Anything you’d like to hint at coming down the pike?
E-learning is a big focus at the moment, and there should be some visible outputs in this area within the next few weeks, which we think could be very interesting. Other things include, but not limited to:
- More integrations with leading mind mapping applications.
- Full translation of the website into several languages (long overdue).
- Mobile optimisation of the site (also long overdue).
And more features and functionality specifically designed for those members who are sharing lots of maps. 2016 is going to be busy…!
What some of the cities where you’ve hosted Biggerplate Conferences and training programs?
The Biggerplate Unplugged conference has so far been held in London (twice), Paris, Utrecht, San Francisco, and Berlin.
The next stop is New York in March 2016, which is already shaping up to be a fantastic gathering of Biggerplate members and the wider mind mapping community!
Our training workshops are starting to expand further, and we’ll be focusing largely on what we have identified as our key cities over the next year or so as we try to grow this part of the business.
The cities of focus for us for several reasons are London, New York, Paris, Amsterdam, and Brussels. For now…!
Where are events being held during 2016?
The big one our annual Biggerplate Unplugged Conference, which is taking place in a fabulous venue in New York on 10 March 2016. The conference is a great opportunity to connect with others from the mind mapping world.
It’s a great place to pick up a wealth of tips and insights into how mind mapping can be used and maximised in a range of contexts across business, education, government, charity sector etc.
Who attends events like Biggerplate Unplugged?
These events are really enjoyable, partly because they attract a mix of mind mapping novices and experts.

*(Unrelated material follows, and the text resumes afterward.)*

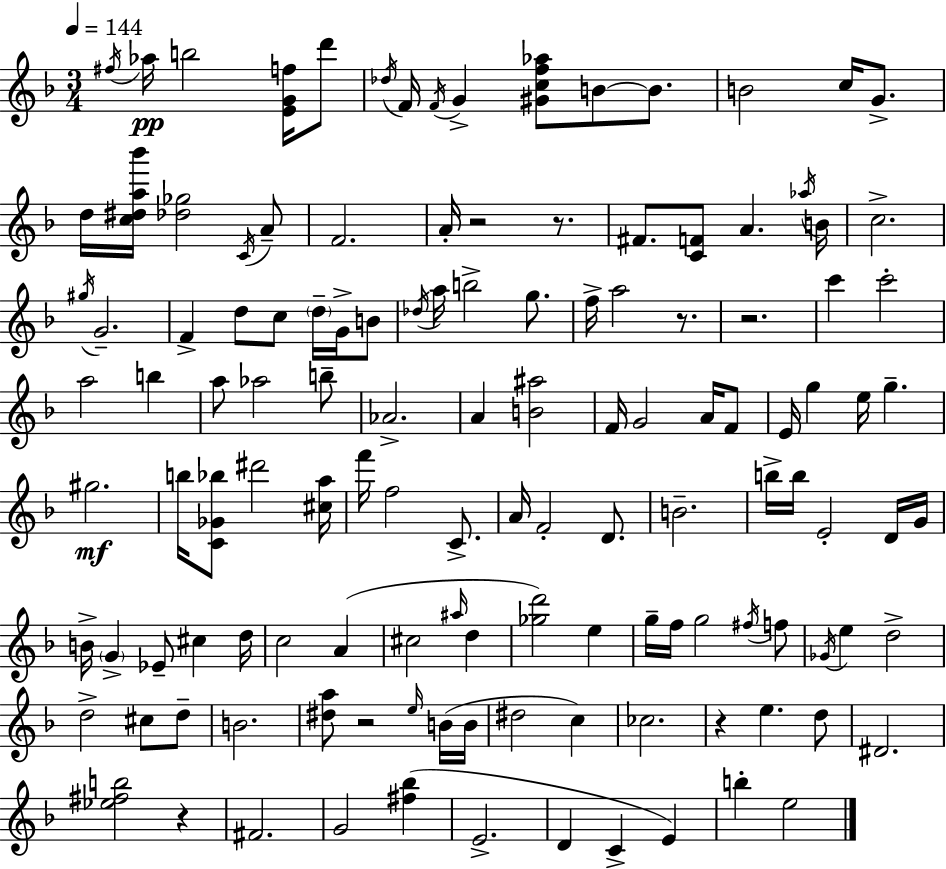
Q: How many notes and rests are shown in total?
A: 128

This creates a great learning environment, and a really lively day of discussion and collaboration!
Further to this will be the continuation of our Brunch Club meetings, which are small meetings (10 people max) in those key cities identified earlier, where we are engaging with members of the local mind mapping communities in order to learn, discuss, and explore ways that we can grow the regional engagement with Biggerplate and mind mapping in general.
These have already proven extremely beneficial to us in terms of gathering ideas and feedback from our members, and we’re confident that these meetings are going to be really influential in how we drive greater mind mapping adoption in certain regions! Plus…. everyone loves brunch!

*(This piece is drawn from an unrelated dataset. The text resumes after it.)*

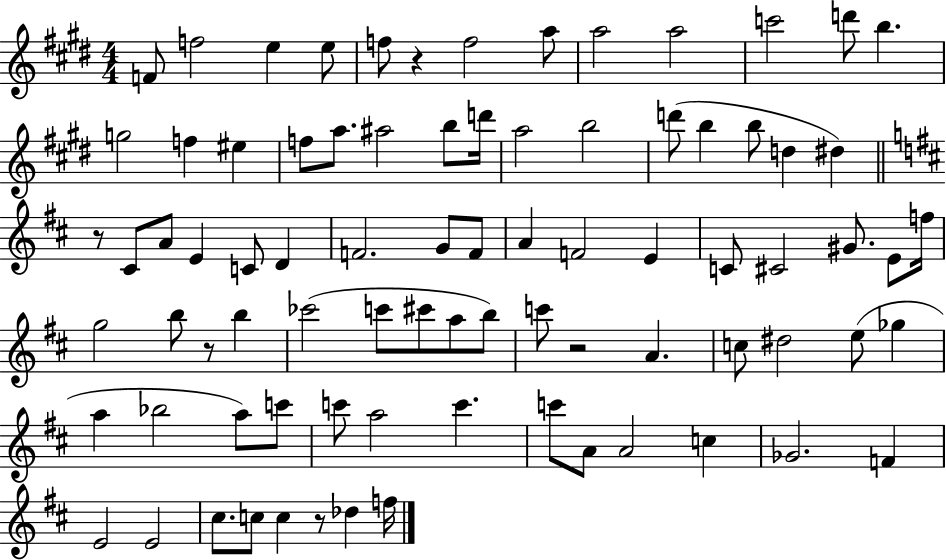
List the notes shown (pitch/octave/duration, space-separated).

F4/e F5/h E5/q E5/e F5/e R/q F5/h A5/e A5/h A5/h C6/h D6/e B5/q. G5/h F5/q EIS5/q F5/e A5/e. A#5/h B5/e D6/s A5/h B5/h D6/e B5/q B5/e D5/q D#5/q R/e C#4/e A4/e E4/q C4/e D4/q F4/h. G4/e F4/e A4/q F4/h E4/q C4/e C#4/h G#4/e. E4/e F5/s G5/h B5/e R/e B5/q CES6/h C6/e C#6/e A5/e B5/e C6/e R/h A4/q. C5/e D#5/h E5/e Gb5/q A5/q Bb5/h A5/e C6/e C6/e A5/h C6/q. C6/e A4/e A4/h C5/q Gb4/h. F4/q E4/h E4/h C#5/e. C5/e C5/q R/e Db5/q F5/s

What is the role that mind mapping will play in the 21st Century?
Well, I’m not sure we’ve got the definitive answer yet, but it’s certainly the definitive question that we’re trying to answer. We’ve been saying for a long time that mind mapping is the missing link, and must have tool for modern workers in business and education. But that’s not enough; we’ve got to figure out exactly where it fits, and how.
We’ve got to identify those missing links that are most suitably filled by mind mapping, and equally, we have to recognise the areas in which mind mapping may not be the best tool for the job.

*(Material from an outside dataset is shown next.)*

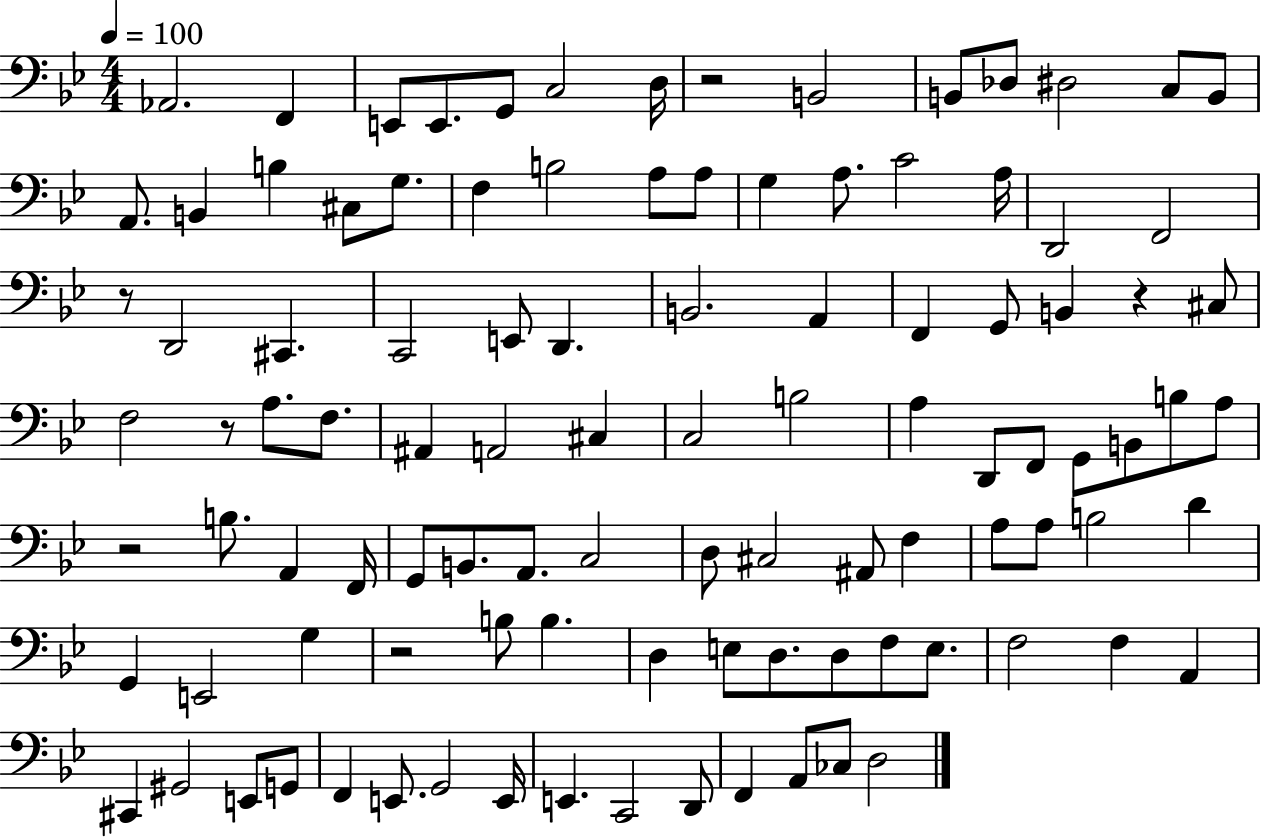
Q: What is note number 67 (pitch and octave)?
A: A3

I think we’re getting ever closer to improving our understanding around this, and in fact, this will be the central theme of Biggerplate Unplugged in New York next year, so if anyone out there has the answer, or at least a perspective to share, I hope they’ll book a seat at the conference!
How much does it cost to access Biggerplate’s mind map archives?
Biggerplate is free to use if you are participating as an active member (meaning you’re uploading content onto the site, and not just downloading).
Basic users can download up to 5 maps a month, but this can be unlocked either by uploading a map of your own, or by upgrading to a Biggerplate Plus account for unlimited downloads for the year. This upgrade costs $19.99 for the entire year.